Defines functions lm_b

Documented in lm_b

#' Bayesian Linear Models
#' 
#' lm_b is used to fit linear models.  It can be used to carry out 
#' regression, single stratum analysis of variance and analysis of 
#' covariance (although aov_b may provide a more convenient 
#' interface for ANOVA.)
#' 
#' @param formula A formula specifying the model.
#' @param data A data frame in which the variables specified in the formula 
#' will be found. If missing, the variables are searched for in the standard way.  
#' However, it is strongly recommended that you use this argument so that other 
#' generics for bayesics objects work correctly.
#' @param weights an optional vector of weights to be used in the fitting process. 
#' Should be NULL or a numeric vector. If non-NULL, it is assumed that the 
#' variance of \eqn{y_i} can be written as \eqn{Var(y_i) = \sigma^2/w_i}. While the 
#' estimands remain the same, the estimation is done by performing unweighted 
#' lm_b on \eqn{W^{\frac{1}{2}}y} and \eqn{W^{\frac{1}{2}}X}, where \eqn{W} is the 
#' diagonal matrix of weights.  Note that this then affects the zellner prior.
#' @param prior character.  One of "zellner", "conjugate", or "improper", giving 
#' the type of prior used on the regression coefficients.
#' @param zellner_g numeric.  Positive number giving the value of "g" in Zellner's
#' g prior.  Ignored unless prior = "zellner".
#' @param prior_beta_mean numeric vector of same length as regression coefficients 
#' (denoted p).
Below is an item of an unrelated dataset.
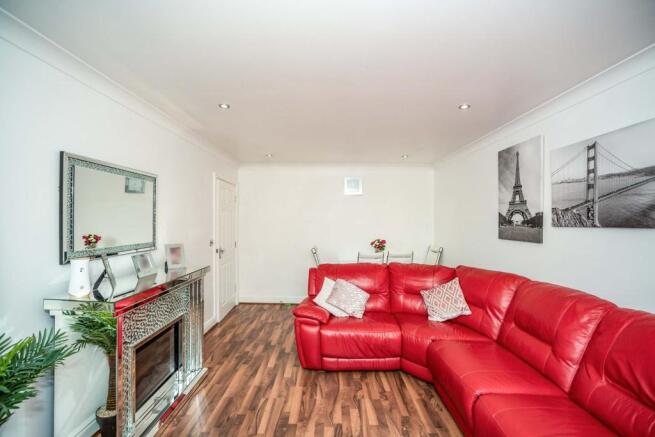 Lounge/Dining Room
Unless otherwise specified, automatically set to rep(0,p).  Ignored 
#' unless prior = "conjugate".
#' @param prior_beta_precision pxp matrix giving a priori precision matrix to be 
#' scaled by the residual precision.
#' @param prior_var_shape numeric. Twice the shape parameter for the inverse gamma prior on
#' the residual variance(s).  I.e., \eqn{\sigma^2\sim IG}(prior_var_shape/2,prior_var_rate/2).
#' @param prior_var_rate  numeric. Twice the rate parameter for the inverse gamma prior on
#' the residual variance(s).  I.e., \eqn{\sigma^2\sim IG}(prior_var_shape/2,prior_var_rate/2).
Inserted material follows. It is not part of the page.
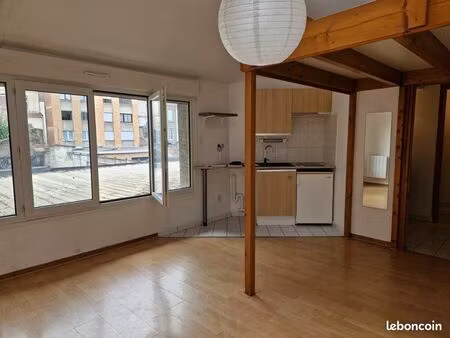 quartier vauban catho studio avec mezzanine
#' @param ROPE vector of positive values giving ROPE boundaries for each regression 
#' coefficient.  Optionally, you can not include a ROPE boundary for the intercept. 
#' If missing, defaults go to those suggested by Kruchke (2018).
#' @param CI_level numeric. Credible interval level.
#' 
#' @returns lm_b() returns an object of class "lm_b", which behaves as a list with 
#' the following elements:
#' \itemize{
#'  \item summary - tibble giving results for regression coefficients
#'  \item posterior_parameters - list giving the posterior parameters
#'  \item hyperparameters - list giving the user input (or default) hyperparameters used
#'  \item fitted - posterior mean of the individuals' means
#'  \item residuals - posterior mean of the residuals
#'  \item formula, data - input by user
#' }
#' 
#' @details
#' 
#' \strong{MODEL:}
#' 
#' The likelihood is given by 
#' \deqn{
#'  y_i \overset{ind}{\sim} N(x_i'\beta,\sigma^2).
#' }
#' The prior is given by 
#' \deqn{
#'  \beta|\sigma^2 \sim N\left( \mu, \sigma^2 V^{-1} \right) \\
#'  \sigma^2 \sim \Gamma^{-1}(a/2,b/2).
#' }
#' \itemize{
#'  \item For Zellner's g prior, \eqn{\frac{1}{g}X'X}.
#'  \item The default for the conjugate prior is based on arguments from 
#'  standardized regression.  The default \eqn{V} is set according to the following: "a priori, 
#'  we are 95% certain that a standard deviation increase in \eqn{X} will not lead 
#'  to more than a 5 standard deviation in the mean of \eqn{y}."  This leads to
#'  \deqn{
#'    V^{1/2} = diag(v^{1/2},s_{x_1},\ldots,s_{x_p}) / 2.5,
#'  }
#'  \deqn{
#'    v^{-1} := \sum \frac{\bar x_j^2}{s_j^2}
#'  }
#'  where \eqn{s_y} is the standard deviation of \eqn{y}, and \eqn{s_{x_j}} is 
#'  the standard deviation of the \eqn{j^{th}} covariate.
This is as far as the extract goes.